- **To do**:
From top to bottom, restate the entries below word for word.

[Information given — start]

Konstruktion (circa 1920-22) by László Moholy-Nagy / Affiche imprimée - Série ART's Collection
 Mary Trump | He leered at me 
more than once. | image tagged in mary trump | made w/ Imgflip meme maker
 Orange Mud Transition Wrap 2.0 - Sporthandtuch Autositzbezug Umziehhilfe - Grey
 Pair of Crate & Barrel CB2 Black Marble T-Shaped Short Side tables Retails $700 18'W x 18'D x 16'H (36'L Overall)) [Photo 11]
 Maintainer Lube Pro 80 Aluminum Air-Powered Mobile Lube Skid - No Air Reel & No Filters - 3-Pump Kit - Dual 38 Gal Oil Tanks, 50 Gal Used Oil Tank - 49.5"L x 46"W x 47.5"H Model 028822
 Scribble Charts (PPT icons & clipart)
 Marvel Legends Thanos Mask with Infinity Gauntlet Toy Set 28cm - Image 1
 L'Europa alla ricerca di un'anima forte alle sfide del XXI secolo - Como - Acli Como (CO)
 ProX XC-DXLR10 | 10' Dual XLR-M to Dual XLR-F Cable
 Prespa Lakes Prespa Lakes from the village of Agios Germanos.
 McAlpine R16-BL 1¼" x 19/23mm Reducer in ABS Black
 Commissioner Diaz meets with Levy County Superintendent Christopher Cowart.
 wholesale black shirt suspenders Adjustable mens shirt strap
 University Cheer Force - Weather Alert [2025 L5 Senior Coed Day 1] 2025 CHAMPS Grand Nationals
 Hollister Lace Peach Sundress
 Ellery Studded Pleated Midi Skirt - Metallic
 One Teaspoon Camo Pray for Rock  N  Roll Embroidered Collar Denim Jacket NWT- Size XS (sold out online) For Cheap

[Information given — finish]

- **Answer below**:
Konstruktion (circa 1920-22) by László Moholy-Nagy / Affiche imprimée - Série ART's Collection
 Mary Trump | He leered at me 
more than once. | image tagged in mary trump | made w/ Imgflip meme maker
 Orange Mud Transition Wrap 2.0 - Sporthandtuch Autositzbezug Umziehhilfe - Grey
 Pair of Crate & Barrel CB2 Black Marble T-Shaped Short Side tables Retails $700 18'W x 18'D x 16'H (36'L Overall)) [Photo 11]
 Maintainer Lube Pro 80 Aluminum Air-Powered Mobile Lube Skid - No Air Reel & No Filters - 3-Pump Kit - Dual 38 Gal Oil Tanks, 50 Gal Used Oil Tank - 49.5"L x 46"W x 47.5"H Model 028822
 Scribble Charts (PPT icons & clipart)
 Marvel Legends Thanos Mask with Infinity Gauntlet Toy Set 28cm - Image 1
 L'Europa alla ricerca di un'anima forte alle sfide del XXI secolo - Como - Acli Como (CO)
 ProX XC-DXLR10 | 10' Dual XLR-M to Dual XLR-F Cable
 Prespa Lakes Prespa Lakes from the village of Agios Germanos.
 McAlpine R16-BL 1¼" x 19/23mm Reducer in ABS Black
 Commissioner Diaz meets with Levy County Superintendent Christopher Cowart.
 wholesale black shirt suspenders Adjustable mens shirt strap
 University Cheer Force - Weather Alert [2025 L5 Senior Coed Day 1] 2025 CHAMPS Grand Nationals
 Hollister Lace Peach Sundress
 Ellery Studded Pleated Midi Skirt - Metallic
 One Teaspoon Camo Pray for Rock  N  Roll Embroidered Collar Denim Jacket NWT- Size XS (sold out online) For Cheap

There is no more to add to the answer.